Published: August 27, 2014 (Issue # 1826)




  • Photo: Elkin

August in Russia is a big month for anniversaries. Aug. 19, 1991, saw a conservative military coup in Moscow; its failure signaled the terminal phase of the fall of the Soviet Union. On Aug. 23, it will have been 75 years since Soviet Foreign Minister Vyacheslav Molotov and German Foreign Minister Joachim von Ribbentrop signed a non-aggression treaty in Moscow. Both these events have almost been forgotten. But studying them certainly wouldnt be a waste of time for anyone trying to understand modern Russia.

When I was a student in the mid-90s and interested in making some spending money, a German foundation gave me a job writing a bibliography of the most interesting articles from the Volga German Autonomous Regions biggest publication.

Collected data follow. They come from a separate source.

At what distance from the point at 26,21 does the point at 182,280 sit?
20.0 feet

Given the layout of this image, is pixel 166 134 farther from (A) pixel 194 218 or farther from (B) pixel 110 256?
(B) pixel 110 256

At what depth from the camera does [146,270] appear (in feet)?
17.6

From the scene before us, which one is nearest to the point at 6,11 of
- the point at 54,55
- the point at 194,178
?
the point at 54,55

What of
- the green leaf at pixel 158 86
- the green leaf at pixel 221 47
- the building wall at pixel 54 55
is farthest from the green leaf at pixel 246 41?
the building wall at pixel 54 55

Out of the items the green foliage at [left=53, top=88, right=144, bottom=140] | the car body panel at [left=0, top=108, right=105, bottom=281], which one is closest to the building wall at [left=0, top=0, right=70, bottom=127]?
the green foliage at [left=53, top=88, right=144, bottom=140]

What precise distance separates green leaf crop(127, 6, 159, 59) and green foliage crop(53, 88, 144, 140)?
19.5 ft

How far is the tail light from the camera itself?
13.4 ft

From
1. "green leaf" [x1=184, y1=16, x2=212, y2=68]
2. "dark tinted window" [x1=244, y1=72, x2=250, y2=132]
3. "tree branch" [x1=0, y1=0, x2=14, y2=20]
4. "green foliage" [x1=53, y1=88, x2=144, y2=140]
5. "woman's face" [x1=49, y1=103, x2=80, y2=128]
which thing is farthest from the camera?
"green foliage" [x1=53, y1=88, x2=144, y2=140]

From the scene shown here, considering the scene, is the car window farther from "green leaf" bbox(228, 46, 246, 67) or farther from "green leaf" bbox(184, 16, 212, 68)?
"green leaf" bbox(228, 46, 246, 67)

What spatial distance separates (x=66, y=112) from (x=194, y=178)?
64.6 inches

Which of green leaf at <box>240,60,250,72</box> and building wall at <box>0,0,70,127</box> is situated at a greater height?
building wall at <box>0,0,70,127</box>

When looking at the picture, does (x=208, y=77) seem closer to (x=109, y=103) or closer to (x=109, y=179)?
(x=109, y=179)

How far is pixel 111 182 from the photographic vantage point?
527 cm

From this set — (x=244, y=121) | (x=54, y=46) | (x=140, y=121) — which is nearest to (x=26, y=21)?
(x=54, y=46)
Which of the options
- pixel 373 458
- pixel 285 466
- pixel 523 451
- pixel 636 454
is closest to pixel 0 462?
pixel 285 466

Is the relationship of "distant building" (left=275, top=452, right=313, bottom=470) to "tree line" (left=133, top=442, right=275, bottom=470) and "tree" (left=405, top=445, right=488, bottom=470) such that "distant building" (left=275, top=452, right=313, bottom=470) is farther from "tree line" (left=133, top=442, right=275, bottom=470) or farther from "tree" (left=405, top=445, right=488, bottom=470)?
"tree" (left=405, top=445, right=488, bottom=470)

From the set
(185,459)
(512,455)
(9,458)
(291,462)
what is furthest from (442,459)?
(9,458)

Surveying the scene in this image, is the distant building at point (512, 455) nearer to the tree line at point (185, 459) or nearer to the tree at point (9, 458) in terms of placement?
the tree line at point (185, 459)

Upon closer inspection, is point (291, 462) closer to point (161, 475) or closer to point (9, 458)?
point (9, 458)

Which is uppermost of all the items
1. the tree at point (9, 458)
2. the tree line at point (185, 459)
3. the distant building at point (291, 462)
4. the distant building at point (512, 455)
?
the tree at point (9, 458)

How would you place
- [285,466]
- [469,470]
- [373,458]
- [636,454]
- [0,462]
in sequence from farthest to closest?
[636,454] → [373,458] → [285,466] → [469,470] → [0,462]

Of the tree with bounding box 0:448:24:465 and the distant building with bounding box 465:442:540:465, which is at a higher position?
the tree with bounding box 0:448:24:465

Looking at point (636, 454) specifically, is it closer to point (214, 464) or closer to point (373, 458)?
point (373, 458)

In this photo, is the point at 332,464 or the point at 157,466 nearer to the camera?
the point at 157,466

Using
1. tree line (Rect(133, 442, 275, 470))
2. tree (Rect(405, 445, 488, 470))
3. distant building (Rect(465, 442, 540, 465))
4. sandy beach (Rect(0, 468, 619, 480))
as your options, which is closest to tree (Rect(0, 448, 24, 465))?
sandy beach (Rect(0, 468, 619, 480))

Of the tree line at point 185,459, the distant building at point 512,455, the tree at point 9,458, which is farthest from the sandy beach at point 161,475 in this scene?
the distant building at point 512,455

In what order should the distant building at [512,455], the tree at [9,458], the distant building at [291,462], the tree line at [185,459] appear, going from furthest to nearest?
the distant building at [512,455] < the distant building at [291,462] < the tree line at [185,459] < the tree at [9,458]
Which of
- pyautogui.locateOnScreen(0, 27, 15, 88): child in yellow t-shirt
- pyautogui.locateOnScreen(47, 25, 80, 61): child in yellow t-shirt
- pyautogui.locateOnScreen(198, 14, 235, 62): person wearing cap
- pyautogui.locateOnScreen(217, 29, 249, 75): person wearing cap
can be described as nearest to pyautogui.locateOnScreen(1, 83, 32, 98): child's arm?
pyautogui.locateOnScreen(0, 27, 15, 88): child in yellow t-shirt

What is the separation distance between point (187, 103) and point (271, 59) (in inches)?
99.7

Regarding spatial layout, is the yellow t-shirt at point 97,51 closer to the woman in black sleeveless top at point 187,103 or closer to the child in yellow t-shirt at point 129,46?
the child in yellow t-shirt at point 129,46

This region existed in Soviet Russia from 1918 to 1941 and was populated by the descendants of German colonist farmers who had come to Russia as early as the 18th century. The region was abolished on Aug. 28, 1941 yet another forgotten August date two months after war broke out between the Soviet Union and Germany. Most ethnic Germans were subsequently deported from the Volga region.

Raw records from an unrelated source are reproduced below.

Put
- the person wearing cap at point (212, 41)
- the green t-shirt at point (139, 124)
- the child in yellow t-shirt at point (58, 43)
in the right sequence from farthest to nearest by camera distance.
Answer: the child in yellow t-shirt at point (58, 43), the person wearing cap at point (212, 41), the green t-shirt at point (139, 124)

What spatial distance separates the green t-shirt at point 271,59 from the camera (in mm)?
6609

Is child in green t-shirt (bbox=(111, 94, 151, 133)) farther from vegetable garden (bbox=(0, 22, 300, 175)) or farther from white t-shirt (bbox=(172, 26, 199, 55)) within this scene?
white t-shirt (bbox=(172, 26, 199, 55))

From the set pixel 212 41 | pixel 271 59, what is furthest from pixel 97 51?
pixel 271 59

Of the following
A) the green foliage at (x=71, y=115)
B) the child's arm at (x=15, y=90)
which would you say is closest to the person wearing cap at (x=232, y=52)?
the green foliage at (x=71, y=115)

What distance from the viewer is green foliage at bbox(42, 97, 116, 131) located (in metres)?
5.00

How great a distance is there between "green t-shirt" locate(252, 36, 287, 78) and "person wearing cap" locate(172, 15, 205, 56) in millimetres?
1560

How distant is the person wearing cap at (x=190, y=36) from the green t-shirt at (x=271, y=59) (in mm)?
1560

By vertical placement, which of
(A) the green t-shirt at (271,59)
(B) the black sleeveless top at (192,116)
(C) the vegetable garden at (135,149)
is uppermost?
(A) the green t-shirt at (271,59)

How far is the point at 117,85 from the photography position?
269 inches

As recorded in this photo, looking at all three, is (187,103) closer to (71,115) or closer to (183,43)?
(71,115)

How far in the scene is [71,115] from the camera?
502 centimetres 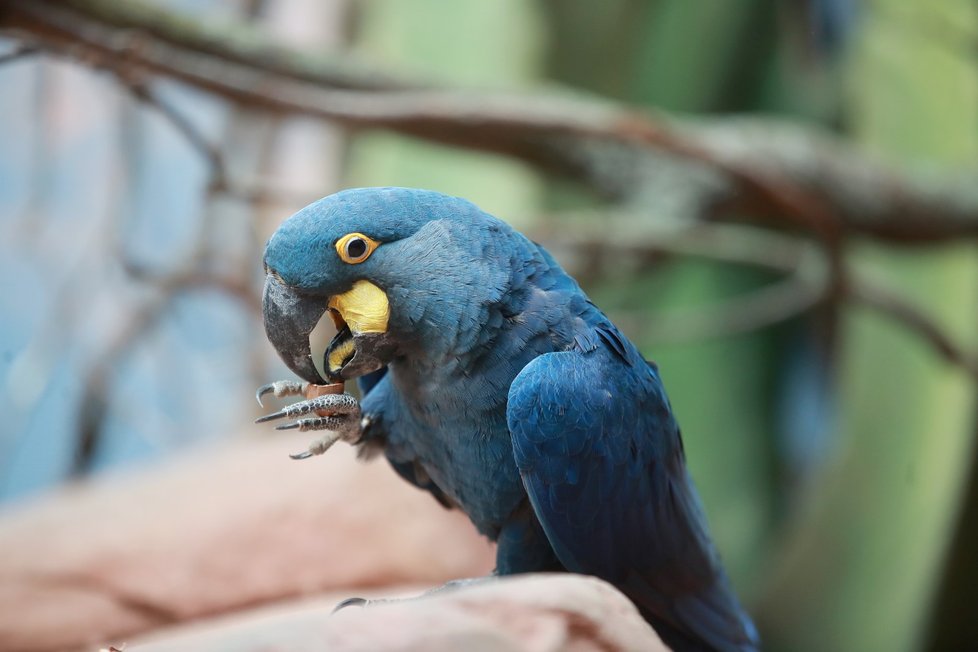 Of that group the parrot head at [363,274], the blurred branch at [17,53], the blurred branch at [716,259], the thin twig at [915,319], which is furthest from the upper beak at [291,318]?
the thin twig at [915,319]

In Germany, the history of the Volga Germans is remembered quite a bit better than in Russia, and because of that I spent some months immersed in the periodical archives of several Moscow libraries. Flipping through yellowed pages full of hard-to-read Gothic script, I got the chance to visit long-gone eras; perhaps the most interesting of them was the end of the 1930s.

The newspaper naturally covered events outside of Russia, including those tied to national socialism in Germany or, for example, the civil war in Spain. Day in and day out, Hitlers government in Germany was presented to readers in the most caricatured fashion possible, but at the same time was discussed as a threat and potential enemy.

Until suddenly in 1939 everything changed. The anti-fascist caricatures and rhetoric disappeared, and the tone turned businesslike and proper. The swastika flag, which had until then been placed on maps to show readers the looming threat to Europe from fascism, now appeared in official photographs. Finally, on Aug. 24, 1939, the paper published a celebratory article on the signing in Moscow of a historic agreement between the Soviet and Nazi ministers of foreign affairs.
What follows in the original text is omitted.